SOURCE DATA:

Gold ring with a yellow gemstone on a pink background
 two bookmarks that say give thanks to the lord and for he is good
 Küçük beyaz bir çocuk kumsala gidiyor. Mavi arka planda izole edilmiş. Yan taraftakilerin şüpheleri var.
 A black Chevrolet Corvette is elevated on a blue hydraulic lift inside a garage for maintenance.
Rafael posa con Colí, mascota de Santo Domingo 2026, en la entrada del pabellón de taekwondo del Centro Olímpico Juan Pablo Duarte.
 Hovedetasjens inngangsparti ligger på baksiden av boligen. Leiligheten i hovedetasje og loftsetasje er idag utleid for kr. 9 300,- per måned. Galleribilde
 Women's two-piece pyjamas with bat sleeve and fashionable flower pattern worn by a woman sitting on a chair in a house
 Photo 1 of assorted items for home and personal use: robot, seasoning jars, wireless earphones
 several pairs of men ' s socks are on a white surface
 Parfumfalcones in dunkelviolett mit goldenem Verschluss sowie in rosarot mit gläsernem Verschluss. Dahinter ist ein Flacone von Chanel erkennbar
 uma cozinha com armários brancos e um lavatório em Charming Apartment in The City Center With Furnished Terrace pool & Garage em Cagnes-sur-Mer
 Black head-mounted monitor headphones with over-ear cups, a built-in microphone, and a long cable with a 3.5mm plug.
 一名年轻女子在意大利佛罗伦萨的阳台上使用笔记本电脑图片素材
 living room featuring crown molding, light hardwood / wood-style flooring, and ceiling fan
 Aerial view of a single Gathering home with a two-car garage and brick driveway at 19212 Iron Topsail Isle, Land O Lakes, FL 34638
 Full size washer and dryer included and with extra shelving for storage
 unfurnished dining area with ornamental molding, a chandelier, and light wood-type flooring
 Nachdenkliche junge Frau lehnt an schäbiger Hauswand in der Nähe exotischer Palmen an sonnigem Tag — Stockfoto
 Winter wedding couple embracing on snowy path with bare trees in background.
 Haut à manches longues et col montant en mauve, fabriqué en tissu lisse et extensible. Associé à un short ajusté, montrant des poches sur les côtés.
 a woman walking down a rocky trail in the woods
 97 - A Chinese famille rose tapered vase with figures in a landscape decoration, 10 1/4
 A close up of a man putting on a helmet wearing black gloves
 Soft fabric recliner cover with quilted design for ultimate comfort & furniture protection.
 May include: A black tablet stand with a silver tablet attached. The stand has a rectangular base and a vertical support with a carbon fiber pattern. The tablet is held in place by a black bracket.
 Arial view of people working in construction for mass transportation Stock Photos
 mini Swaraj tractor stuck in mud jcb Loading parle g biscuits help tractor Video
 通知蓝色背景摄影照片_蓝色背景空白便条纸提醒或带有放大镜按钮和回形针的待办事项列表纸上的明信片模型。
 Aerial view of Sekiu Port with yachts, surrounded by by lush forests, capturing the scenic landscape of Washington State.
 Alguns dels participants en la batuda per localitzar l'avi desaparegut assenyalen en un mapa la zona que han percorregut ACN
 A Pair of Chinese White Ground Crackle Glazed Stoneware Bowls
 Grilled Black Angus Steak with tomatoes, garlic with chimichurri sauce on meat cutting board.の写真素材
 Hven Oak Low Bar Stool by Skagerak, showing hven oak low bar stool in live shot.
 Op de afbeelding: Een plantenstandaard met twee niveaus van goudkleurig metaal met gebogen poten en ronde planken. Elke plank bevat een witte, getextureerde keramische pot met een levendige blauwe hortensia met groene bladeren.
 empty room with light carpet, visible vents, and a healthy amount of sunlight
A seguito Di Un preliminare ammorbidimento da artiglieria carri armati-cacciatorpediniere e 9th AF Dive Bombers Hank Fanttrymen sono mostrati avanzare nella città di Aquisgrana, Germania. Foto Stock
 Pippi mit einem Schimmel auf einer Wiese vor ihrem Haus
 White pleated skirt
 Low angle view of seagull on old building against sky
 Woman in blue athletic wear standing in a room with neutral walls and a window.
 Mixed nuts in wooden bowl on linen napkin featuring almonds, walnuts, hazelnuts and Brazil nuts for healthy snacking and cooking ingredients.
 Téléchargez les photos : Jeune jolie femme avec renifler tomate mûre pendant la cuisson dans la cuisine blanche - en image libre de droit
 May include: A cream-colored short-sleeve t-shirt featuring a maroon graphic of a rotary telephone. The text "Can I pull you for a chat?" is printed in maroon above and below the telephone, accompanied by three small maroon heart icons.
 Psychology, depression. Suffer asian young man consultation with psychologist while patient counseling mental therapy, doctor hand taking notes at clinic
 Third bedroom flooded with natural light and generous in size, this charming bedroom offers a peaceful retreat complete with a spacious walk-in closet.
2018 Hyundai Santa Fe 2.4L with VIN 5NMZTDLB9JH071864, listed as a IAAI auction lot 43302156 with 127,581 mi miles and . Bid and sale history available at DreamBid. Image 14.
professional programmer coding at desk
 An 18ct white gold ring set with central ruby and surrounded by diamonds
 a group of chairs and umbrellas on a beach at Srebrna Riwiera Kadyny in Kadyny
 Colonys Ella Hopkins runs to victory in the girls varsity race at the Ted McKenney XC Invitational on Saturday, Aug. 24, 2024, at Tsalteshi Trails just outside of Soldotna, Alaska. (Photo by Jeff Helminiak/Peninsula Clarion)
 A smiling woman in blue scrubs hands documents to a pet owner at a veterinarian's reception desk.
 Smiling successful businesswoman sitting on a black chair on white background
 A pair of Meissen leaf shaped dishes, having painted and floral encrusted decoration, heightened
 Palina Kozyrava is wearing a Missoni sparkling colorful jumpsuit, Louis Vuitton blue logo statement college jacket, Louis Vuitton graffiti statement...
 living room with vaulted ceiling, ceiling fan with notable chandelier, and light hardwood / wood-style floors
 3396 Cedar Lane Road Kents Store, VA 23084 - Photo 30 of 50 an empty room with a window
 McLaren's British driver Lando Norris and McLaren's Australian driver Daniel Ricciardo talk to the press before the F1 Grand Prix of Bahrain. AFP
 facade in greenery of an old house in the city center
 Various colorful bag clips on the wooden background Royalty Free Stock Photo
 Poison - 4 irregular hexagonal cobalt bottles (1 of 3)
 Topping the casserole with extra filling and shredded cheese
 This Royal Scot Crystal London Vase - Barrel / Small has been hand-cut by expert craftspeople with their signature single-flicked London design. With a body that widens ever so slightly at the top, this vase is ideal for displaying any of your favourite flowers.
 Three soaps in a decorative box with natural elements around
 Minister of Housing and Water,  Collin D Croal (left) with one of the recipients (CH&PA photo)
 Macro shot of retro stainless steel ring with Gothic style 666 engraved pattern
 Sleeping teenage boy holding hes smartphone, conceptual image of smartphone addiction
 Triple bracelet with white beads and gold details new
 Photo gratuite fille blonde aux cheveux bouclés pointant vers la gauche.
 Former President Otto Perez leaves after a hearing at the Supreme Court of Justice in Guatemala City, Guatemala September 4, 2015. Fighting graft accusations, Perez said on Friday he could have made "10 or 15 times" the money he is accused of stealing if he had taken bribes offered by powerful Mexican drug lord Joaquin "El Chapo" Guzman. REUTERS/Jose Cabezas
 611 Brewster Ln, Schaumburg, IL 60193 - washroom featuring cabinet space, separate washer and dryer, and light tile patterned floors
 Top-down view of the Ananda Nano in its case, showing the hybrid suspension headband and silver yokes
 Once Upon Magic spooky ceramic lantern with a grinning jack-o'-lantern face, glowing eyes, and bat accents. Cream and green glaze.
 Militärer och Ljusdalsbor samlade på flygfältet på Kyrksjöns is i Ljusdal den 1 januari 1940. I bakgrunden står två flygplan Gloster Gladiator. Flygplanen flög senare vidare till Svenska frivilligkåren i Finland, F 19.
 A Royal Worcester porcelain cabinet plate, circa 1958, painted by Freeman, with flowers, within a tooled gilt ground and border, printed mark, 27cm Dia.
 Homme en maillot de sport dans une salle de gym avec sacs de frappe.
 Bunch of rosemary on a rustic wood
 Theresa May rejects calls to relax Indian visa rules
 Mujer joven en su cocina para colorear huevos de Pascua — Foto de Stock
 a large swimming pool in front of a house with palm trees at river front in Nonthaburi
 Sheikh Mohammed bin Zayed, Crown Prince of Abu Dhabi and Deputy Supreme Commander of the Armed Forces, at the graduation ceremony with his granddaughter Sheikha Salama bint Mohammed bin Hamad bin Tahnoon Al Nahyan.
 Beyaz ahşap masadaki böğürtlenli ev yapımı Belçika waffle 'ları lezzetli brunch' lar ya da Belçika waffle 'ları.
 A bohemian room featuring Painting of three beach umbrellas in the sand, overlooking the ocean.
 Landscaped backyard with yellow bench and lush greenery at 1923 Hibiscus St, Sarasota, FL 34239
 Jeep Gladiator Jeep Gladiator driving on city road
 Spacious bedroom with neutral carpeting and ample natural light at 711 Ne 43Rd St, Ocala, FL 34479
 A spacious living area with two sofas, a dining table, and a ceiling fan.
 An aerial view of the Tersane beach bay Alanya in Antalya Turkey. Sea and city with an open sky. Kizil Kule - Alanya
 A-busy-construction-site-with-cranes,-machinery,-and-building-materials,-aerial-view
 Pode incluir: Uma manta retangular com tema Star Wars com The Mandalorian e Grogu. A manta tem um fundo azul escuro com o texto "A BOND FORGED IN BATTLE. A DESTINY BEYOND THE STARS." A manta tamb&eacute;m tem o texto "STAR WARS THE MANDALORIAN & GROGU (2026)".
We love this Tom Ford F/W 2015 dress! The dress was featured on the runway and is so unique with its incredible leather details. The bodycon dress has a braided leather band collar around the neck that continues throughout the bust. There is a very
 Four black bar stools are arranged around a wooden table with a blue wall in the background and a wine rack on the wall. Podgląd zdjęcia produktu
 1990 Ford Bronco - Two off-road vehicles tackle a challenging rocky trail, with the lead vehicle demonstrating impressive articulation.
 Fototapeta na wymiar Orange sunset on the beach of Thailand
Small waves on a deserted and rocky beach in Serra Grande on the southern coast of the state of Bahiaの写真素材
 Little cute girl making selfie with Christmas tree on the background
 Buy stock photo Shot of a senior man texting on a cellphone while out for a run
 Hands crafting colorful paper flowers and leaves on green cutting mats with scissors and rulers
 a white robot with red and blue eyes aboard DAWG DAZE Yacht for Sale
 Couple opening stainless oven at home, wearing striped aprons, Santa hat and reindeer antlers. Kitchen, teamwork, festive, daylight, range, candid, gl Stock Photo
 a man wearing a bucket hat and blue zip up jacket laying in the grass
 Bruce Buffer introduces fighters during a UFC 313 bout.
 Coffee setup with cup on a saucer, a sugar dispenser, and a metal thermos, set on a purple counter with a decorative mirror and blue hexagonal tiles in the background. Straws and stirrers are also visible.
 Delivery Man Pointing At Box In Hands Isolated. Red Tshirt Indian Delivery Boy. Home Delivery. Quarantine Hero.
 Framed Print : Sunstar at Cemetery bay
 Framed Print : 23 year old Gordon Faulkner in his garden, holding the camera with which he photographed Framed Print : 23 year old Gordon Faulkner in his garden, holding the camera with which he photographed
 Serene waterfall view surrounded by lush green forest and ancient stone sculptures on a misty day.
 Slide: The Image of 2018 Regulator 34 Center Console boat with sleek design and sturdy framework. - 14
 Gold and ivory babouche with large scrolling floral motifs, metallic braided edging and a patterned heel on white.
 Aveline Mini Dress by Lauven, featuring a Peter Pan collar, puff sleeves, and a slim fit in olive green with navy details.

EXERCISE:
Above are the records. Print exactly, and only, the lines from the line with "Psychology, depression. Suffer" to the line with "2018 Hyundai Santa", both inclusive.

ANSWER FOR THE TASK:
 Psychology, depression. Suffer asian young man consultation with psychologist while patient counseling mental therapy, doctor hand taking notes at clinic
 Third bedroom flooded with natural light and generous in size, this charming bedroom offers a peaceful retreat complete with a spacious walk-in closet.
2018 Hyundai Santa Fe 2.4L with VIN 5NMZTDLB9JH071864, listed as a IAAI auction lot 43302156 with 127,581 mi miles and . Bid and sale history available at DreamBid. Image 14.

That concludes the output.